-- EXERCISE --
From the first line of the entries through the line containing "Building Photo - 10621 Sunflower Dr", output everything exactly except the pictures.

LISTED RECORDS below:

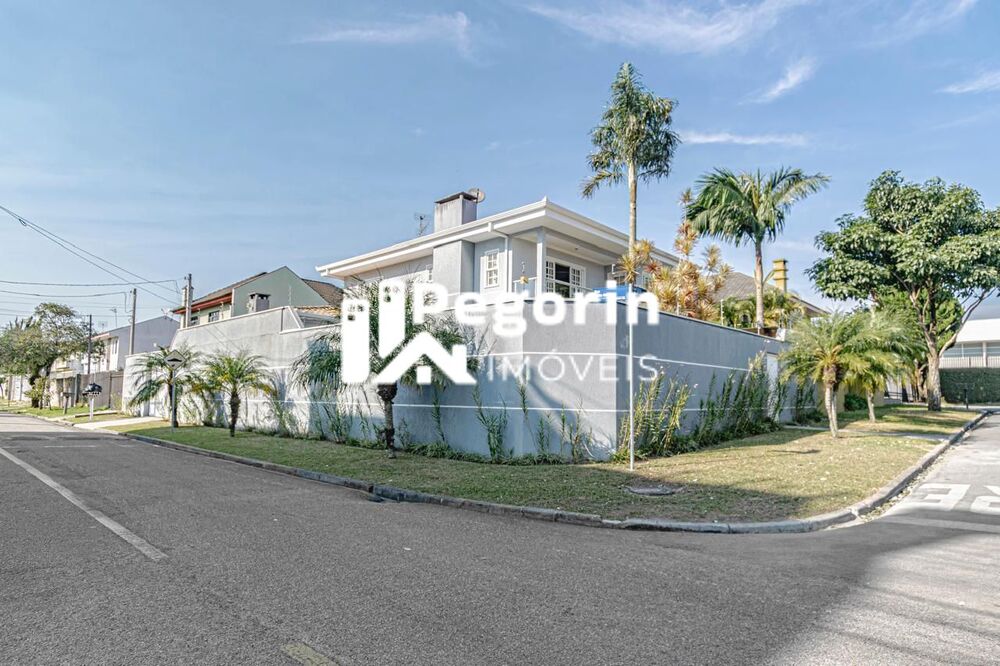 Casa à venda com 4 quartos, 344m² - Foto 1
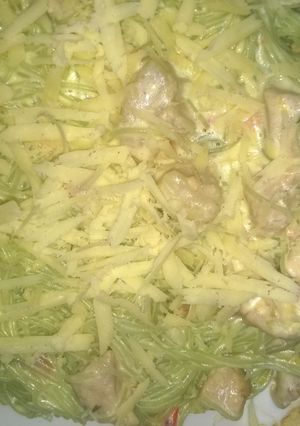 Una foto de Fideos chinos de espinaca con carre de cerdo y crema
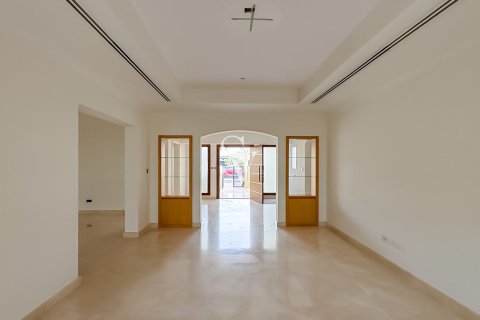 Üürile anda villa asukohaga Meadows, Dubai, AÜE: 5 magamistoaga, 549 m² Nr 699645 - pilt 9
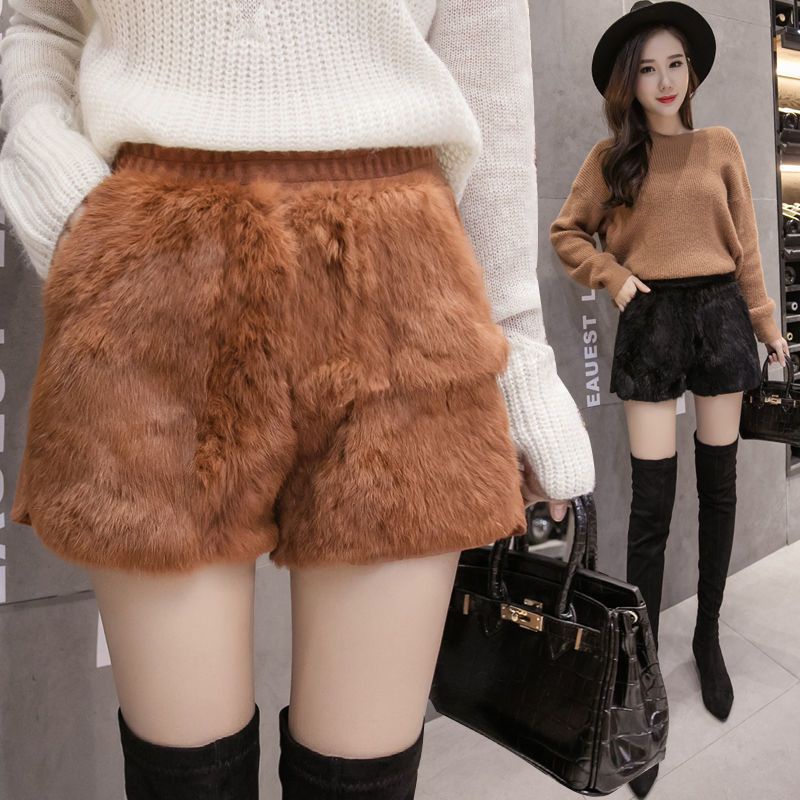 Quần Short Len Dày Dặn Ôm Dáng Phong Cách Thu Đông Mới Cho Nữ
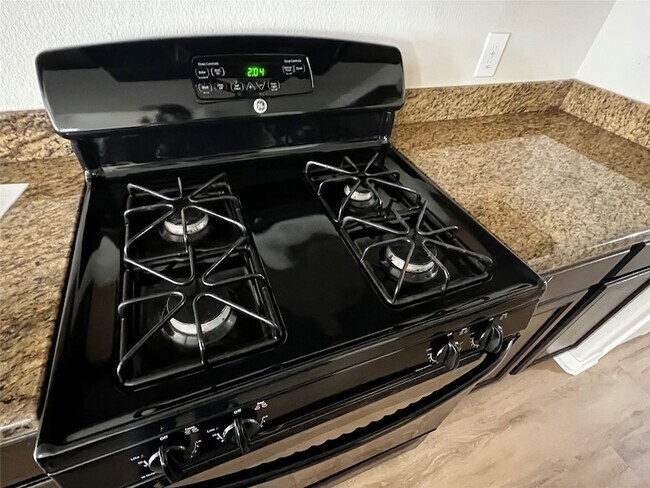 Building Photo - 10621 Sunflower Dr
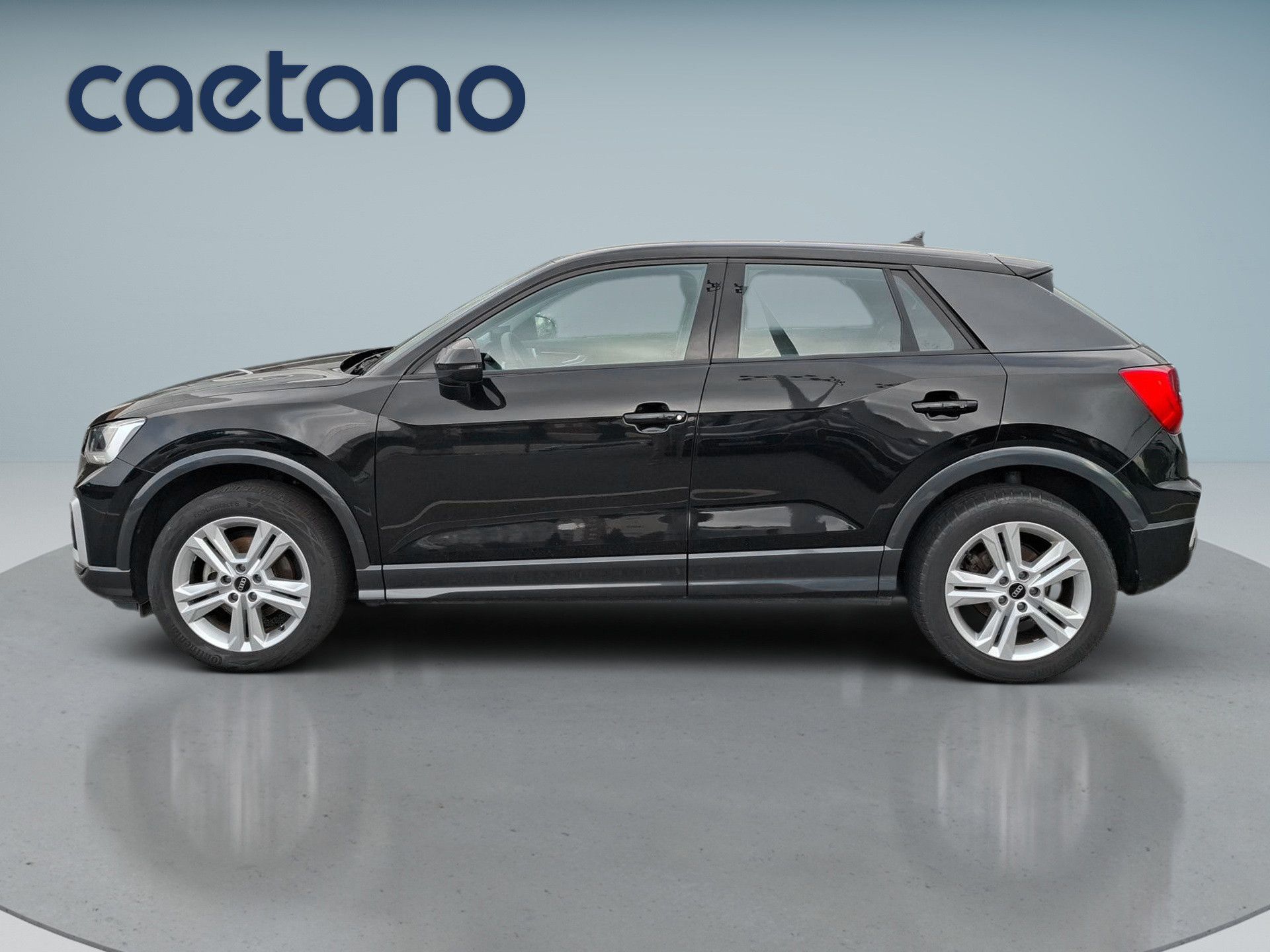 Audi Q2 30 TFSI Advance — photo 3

End of LISTED RECORDS.

-- ANSWER --
 Casa à venda com 4 quartos, 344m² - Foto 1
 Una foto de Fideos chinos de espinaca con carre de cerdo y crema
 Üürile anda villa asukohaga Meadows, Dubai, AÜE: 5 magamistoaga, 549 m² Nr 699645 - pilt 9
 Quần Short Len Dày Dặn Ôm Dáng Phong Cách Thu Đông Mới Cho Nữ
 Building Photo - 10621 Sunflower Dr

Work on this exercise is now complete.